Knitting by Nature: 19 Patterns for Scarves, Wraps, and More by Sherly Thies is a book that was born of a dream of spring. Looking through a seed catalog, she was inspired by the shapes of plants to design these patterns featuring natural motifs on scarves, shawls, shrugs and other knit items.
These are projects to knit in the winter doldrums to remind yourself that warmer weather is coming -- times when you'll want to wear a ruffled scarf, an airy shawl or a lightweight shrug.
About the Book
- Pages: 80
- Format: paperback with cover flaps
- Number of patterns: 19
- Skill level: none given, but Thies says the patterns are for all skill levels because they are simple shapes with minimal finishing; knowing how to read a chart would be helpful
- Illustrations: full-color photographs
- Knitting lessons: a techniques section covers casting on and binding off, increasing (but not decreasing), finishing and basic crochet skills used in the patterns
- Publication date: May 2012
The 19 patterns in Knitting by Nature are inspired by and named for different plants. There's Bleeding Heart, which uses a lace pattern that looks like those flowers on a shawl that also has a Seed Stitch loop to thread the other end of the shawl through. The shrug on the cover is Colorado Blue Spruce.

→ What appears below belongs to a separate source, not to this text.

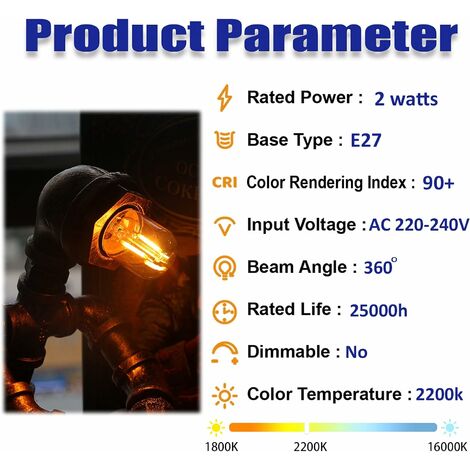 Mini ampoule LED tubulaire, 1W T28 Edison Ampoule à filament LED E27 Base à  vis 2200K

Bean Sprouts is a mohair ruffle, while Ornamental Corn is a pretty, three color wrap made from super warm baby alpaca.
Some of my favorites include Clematis, a leafy lace scarf in pretty purple; Hop Vines, a subdued triangular shawl with a somewhat textured lace pattern and crocheted edging; Ostrich-Plume Fern, a lovely fan similar to Feather and Fan on a wide rectangular shawl; and Zebra Grass, which features V-shaped lace motifs and interesting loopy fringe.
The patterns are pretty and photographed in attractive ways that are sure to draw knitters in.
If you're a fan of shawls, wraps, shrugs and scarves -- particularly of the lacy variety -- you're sure to enjoy this book. There's nothing too terribly complex here but they are still pretty projects that knitters who are newer to lace knitting and following charts can handle. (The patterns are also described in words, so you don't have to read the charts if you don't want to.)
It's fun that this book takes nature as its inspiration, so these would be great projects to knit for the gardener in your life or anyone who likes a natural look. There are pieces here that can get you through a lot of the year in lovely knit style if you're a person who loves to layer.